The EU suspects Snapchat's age assurance tools are insufficient to block children under 13 and fails to prevent grooming by adults.

Illegal Content Moderation

Regulators are investigating the platform's inability to stop the sale of drugs, alcohol, and vapes to minors.

Massive Financial Risk

Under the Digital Services Act, Snapchat faces fines reaching 6% of its global annual turnover if violations are confirmed.

Pornographic Sites Targeted

The Commission also issued preliminary findings against Pornhub, Stripchat, XNXX, and XVideos for failing to restrict minor access.
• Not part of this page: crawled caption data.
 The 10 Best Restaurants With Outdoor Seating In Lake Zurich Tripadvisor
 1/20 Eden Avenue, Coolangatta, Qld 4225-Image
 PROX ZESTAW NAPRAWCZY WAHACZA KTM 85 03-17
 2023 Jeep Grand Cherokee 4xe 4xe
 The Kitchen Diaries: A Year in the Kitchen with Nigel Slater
The European Commission opened a formal investigation into Snapchat on Thursday, March 26, 2026, under the Digital Services Act, citing concerns that the social messaging platform is failing to protect minors from grooming, sexual exploitation, and exposure to illegal products. The probe marks the Commission's first formal case against Snapchat. Regulators suspect that adults are misusing the platform by posing as minors to lure children into sexual exploitation and criminal activities. The Commission also found that Snapchat's content moderation tools are ineffective at preventing the spread of information pointing users toward illegal products such as drugs, or age-restricted products such as vapes and alcohol. Snapchat reports 94.7 (million) — monthly active users in the European Union, making it one of the most widely used platforms among teenagers in the bloc.
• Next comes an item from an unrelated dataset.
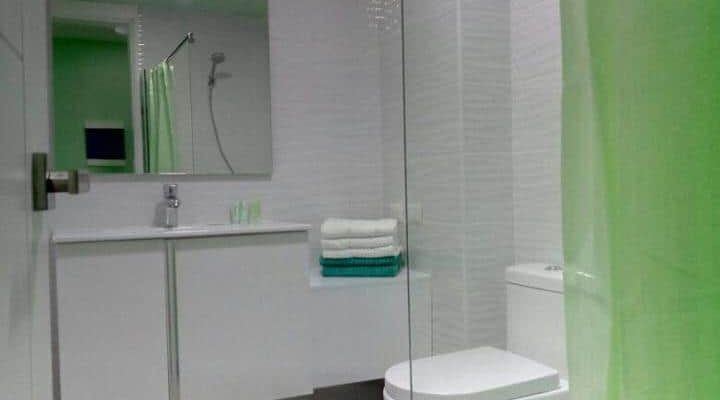 Image: Condo 409 at Los Corales Beach photo 4 — Call, Cana, Night, Punta, Escort, Unforgettable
Five specific failings put Snapchat under the microscope The investigation covers five distinct areas of concern identified by EU regulators. First, Snapchat's self-declaration age assurance tool, which requires users to state they are at least 13 years old without any independent verification, was deemed insufficient by the Commission. Second, regulators flagged inadequate measures to prevent minors from being contacted by users with harmful intentions, including those seeking to exploit children sexually or recruit them for criminal activities. Third, the Commission questioned Snapchat's default account privacy settings, which regulators believe do not adequately protect younger users. Fourth, the probe examines the alleged dissemination of content promoting the sale of illegal products and age-restricted goods. Fifth, regulators identified problems with Snapchat's mechanisms for reporting illegal content and dark patterns in the platform's design, finding them insufficiently user-friendly. As part of the investigation, the Commission said it will take over a probe opened by Dutch regulators in September 2025 into the sale of illegal vapes to children on Snapchat. „From grooming and exposure to illegal products to account settings that undermine minors' safety, Snapchat appears to have overlooked that the Digital Services Act demands high safety standards for all users” — Henna Virkkunen via Reuters

Pornhub and three other adult sites face preliminary breach findings In a separate but related announcement on the same day, the Commission issued preliminary findings against four major pornographic websites — Pornhub, Stripchat, XNXX, and XVideos — concluding that they had breached EU law by failing to prevent minors from accessing adult content. The Commission determined that the four platforms "did not diligently identify and assess the risks that their platforms pose to minors," according to The Guardian. The age verification mechanism used by all four sites consisted of a simple self-declaration button allowing users to confirm they were over 18, a system regulators deemed ineffective. The Commission's preliminary findings against the pornographic platforms follow an investigation launched in May 2025. Both the Snapchat probe and the preliminary findings against the adult sites were brought under the DSA, which has faced criticism from U.S. President Donald Trump since coming into force. Non-compliance with the DSA can result in fines of up to 6 (percent of global annual revenue) — maximum DSA fine for non-compliant platforms.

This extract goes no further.